Tres explicaciones, pues, que podrían contentarme. Tres razones por las que matar a Pearl; razones que, cada una por separado y tanto más juntas, deberían bastar para explicar el desenlace del drama.

Sólo que, mira por dónde, no me valen. No; por firmes y buenas que sean, ninguna de esas razones me convence.
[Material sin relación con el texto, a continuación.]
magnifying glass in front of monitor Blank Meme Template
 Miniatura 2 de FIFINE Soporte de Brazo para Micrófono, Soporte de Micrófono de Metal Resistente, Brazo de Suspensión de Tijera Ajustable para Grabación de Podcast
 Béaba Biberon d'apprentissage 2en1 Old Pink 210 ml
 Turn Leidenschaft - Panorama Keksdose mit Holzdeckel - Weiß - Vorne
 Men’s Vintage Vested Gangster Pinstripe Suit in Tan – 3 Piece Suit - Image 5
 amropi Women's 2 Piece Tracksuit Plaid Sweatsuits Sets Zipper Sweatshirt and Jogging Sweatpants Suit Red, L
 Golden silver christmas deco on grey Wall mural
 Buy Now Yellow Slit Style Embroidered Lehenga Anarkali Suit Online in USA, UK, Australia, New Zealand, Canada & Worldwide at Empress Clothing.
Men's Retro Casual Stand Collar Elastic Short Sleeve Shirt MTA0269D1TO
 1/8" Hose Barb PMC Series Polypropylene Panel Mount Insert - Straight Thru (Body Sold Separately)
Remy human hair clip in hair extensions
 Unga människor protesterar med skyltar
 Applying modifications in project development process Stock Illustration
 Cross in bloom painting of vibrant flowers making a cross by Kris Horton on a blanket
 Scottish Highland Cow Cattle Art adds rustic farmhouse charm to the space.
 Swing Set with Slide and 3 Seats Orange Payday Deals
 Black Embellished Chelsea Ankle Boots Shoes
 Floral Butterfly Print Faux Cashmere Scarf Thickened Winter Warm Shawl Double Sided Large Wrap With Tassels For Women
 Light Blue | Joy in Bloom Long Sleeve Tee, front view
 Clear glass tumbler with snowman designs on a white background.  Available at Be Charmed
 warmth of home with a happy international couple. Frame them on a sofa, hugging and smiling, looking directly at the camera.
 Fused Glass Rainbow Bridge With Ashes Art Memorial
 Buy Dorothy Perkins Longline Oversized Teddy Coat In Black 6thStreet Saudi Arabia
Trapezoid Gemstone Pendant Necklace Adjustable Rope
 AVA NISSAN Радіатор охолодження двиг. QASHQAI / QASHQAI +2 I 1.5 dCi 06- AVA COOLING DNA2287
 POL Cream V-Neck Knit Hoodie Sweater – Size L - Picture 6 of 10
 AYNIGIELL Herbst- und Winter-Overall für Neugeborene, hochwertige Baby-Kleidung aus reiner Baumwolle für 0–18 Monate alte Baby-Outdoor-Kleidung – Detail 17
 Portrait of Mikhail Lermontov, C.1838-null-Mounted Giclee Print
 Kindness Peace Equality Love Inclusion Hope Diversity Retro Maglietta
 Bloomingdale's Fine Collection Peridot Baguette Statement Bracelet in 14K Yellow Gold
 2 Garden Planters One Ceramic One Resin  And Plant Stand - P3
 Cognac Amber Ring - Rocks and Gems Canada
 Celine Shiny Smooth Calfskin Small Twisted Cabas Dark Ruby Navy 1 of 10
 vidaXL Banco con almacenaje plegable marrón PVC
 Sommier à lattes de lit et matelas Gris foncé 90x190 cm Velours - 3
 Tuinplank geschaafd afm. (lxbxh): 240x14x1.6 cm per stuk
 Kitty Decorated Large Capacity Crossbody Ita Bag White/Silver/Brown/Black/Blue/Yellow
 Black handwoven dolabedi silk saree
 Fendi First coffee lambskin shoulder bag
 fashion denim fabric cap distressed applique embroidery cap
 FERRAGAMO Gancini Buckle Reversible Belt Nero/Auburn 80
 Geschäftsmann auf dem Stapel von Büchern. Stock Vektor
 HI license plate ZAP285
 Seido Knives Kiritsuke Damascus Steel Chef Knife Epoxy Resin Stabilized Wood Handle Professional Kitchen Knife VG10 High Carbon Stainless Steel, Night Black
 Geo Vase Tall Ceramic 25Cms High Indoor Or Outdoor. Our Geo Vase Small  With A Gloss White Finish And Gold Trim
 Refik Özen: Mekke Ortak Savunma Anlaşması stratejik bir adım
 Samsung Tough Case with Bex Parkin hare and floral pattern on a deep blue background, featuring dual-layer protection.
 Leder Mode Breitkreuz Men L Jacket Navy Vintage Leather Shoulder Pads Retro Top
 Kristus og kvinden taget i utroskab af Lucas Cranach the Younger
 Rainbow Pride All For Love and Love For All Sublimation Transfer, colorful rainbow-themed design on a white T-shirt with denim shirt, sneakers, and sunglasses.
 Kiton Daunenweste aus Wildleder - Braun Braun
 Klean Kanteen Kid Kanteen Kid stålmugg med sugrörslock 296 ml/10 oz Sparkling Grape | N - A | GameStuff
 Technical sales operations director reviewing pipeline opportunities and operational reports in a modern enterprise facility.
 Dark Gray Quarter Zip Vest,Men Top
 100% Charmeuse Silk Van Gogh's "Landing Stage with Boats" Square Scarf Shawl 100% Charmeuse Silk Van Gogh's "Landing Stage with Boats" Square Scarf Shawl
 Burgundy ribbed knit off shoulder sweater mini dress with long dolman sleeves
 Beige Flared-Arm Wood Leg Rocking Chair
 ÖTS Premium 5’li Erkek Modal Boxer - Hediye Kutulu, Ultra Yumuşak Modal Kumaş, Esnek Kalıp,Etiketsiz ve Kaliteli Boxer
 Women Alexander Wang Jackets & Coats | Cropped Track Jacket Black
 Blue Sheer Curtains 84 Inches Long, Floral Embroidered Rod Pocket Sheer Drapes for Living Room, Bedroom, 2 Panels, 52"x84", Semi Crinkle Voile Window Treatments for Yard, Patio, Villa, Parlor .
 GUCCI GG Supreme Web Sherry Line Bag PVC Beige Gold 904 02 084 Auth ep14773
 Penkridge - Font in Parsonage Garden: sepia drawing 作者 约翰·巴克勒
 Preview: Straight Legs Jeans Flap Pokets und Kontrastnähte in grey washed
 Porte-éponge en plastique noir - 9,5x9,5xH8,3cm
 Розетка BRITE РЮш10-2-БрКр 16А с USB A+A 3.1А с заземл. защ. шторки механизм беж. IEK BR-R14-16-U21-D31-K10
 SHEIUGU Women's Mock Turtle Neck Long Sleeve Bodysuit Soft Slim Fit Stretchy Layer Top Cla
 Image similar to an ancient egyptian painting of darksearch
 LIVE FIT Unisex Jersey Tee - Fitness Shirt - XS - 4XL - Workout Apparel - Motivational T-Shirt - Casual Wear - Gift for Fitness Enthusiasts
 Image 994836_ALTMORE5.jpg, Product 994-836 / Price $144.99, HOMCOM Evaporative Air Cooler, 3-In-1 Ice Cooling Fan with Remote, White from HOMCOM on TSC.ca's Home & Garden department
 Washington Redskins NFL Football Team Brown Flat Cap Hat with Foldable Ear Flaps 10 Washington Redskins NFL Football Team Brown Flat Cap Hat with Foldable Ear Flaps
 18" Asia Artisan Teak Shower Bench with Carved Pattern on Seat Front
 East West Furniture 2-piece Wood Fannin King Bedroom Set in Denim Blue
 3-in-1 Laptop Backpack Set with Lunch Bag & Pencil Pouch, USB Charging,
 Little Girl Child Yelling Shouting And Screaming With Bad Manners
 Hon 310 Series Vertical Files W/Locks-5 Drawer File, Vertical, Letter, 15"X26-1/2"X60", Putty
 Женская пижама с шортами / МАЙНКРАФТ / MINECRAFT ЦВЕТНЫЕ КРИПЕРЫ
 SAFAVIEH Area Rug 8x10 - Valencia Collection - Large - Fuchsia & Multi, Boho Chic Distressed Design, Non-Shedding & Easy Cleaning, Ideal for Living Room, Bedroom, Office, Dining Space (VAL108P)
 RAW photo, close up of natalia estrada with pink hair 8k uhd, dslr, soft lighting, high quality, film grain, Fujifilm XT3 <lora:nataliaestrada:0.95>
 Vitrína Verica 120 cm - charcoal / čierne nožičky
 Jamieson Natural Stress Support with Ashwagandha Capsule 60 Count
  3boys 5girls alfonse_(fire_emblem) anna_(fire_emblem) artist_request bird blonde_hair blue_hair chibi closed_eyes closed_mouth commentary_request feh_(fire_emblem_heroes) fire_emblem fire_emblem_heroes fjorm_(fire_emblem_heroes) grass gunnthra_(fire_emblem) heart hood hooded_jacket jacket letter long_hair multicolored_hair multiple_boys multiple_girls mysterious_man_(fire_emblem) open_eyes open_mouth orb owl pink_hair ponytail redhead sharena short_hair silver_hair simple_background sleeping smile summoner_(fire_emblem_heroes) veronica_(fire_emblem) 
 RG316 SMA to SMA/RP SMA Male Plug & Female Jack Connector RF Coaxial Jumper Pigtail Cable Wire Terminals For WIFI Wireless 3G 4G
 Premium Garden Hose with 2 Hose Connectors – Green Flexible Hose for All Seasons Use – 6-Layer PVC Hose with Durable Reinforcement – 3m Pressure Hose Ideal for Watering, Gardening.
Ninguna acaba de explicar por qué Al-Qaeda, más los servicios secretos, más el sindicato del crimen en pleno, decidieron eliminar la mañana del día 31 de enero a este judío, a este periodista, a este estadounidense y no a otro.

Y eso por un detalle que, desde que pienso en este caso, hace casi un año, no ha dejado de intrigarme: Daniel Pearl es secuestrado el día 23 de enero; ese día los secuestradores saben que es judío, periodista y estadounidense, son perfectamente conscientes de esta culpabilidad tres veces hiperbólica, y sin embargo esperan hasta el 31, es decir, ocho días después del secuestro, para decidirse a castigar esa triple culpabilidad: lo que forzosamente significa que algo pasó en el curso de esos ocho días, un factor que no estaba el día 23 y sí el 31 y que provocó que, finalmente, se tomara la decisión de matar.